Fachsprachen sind grundsätzlich öffentlich, zumindest aber der Öffentlichkeit zugänglich, was nicht im gleichen Maße für die fachlich bestimmten Situationen gilt. Fachsprachen sind grundsätzlich überregional, jedoch kann aufgrund von nur regional existierenden Fächern ihr Verwendungsbereich regional eingeschränkt sein. Fachsprachen sind durch eine charakteristische Auswahl, Verwendung und Frequenz sprachlicher Mittel, besonders auf den Systemebenen `Morphologie`, `Syntax` und `Text` bestimmt. Gegenüber anderen Sprachvarianten zeichnet sich `Fachsprache` durch einen höheren Grad an Normhaftigkeit aus, besonders im lexikalischen und textlinguistischen Bereich" (ebd. S. 26f.). Die hier definierten Besonderheiten von Fachsprachen zeigen, daß sie sich in ihrer Erscheinungsform stark von der normal gebrauchten Sprache abweicht. Obwohl Fachsprachen öffentlich zugänglich, d.h. für jeden verständlich sein sollten, treten oftmals Verstehensprobleme auf. Gerade
,,bei Fremdsprachen-Lernern können nicht nur Schwierigkeiten beim inhaltlichen Verstehen von Fachtexten auftreten, sondern es kommen noch Probleme der sprachlichen Verständigung hinzu. Über den fachlichen Inhalt von Texten sollen wichtige lexikalische Elemente und grammatische Strukturen vermittelt werden.
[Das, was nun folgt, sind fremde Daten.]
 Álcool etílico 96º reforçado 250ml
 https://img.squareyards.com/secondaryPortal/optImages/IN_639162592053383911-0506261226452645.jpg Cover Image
Damit es dem Lerner wenig Mühe bereitet, die Texte zunächst inhaltlich zu verstehen, sollten sie gut verständlich aufgebaut sein." (Jahr, 1996, S. 175).
Weiterhin ist wichtig, daß die Fachtexte zu ihrer Erschließung Transfer aus dem Alltagswissen zulassen, d. h. die fachsprachlichen Begriffe sich anhand des Alltagswissens erschließbar sinden lassen.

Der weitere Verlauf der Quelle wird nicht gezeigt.